Information provided Block Start
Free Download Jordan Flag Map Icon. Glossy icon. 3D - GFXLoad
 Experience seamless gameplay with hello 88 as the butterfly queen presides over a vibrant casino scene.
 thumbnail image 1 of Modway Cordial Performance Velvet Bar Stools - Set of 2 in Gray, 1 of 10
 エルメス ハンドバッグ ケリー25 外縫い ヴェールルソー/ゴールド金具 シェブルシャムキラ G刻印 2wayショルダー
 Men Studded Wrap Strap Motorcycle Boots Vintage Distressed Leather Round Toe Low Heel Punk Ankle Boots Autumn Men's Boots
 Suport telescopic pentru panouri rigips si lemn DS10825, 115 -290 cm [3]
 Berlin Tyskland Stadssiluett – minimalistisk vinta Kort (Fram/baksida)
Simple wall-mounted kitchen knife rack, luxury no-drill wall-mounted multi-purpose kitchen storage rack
Information provided Block End
§ Activity: Print out the full listing above, word for word.

§ Reply:
Free Download Jordan Flag Map Icon. Glossy icon. 3D - GFXLoad
 Experience seamless gameplay with hello 88 as the butterfly queen presides over a vibrant casino scene.
 thumbnail image 1 of Modway Cordial Performance Velvet Bar Stools - Set of 2 in Gray, 1 of 10
 エルメス ハンドバッグ ケリー25 外縫い ヴェールルソー/ゴールド金具 シェブルシャムキラ G刻印 2wayショルダー
 Men Studded Wrap Strap Motorcycle Boots Vintage Distressed Leather Round Toe Low Heel Punk Ankle Boots Autumn Men's Boots
 Suport telescopic pentru panouri rigips si lemn DS10825, 115 -290 cm [3]
 Berlin Tyskland Stadssiluett – minimalistisk vinta Kort (Fram/baksida)
Simple wall-mounted kitchen knife rack, luxury no-drill wall-mounted multi-purpose kitchen storage rack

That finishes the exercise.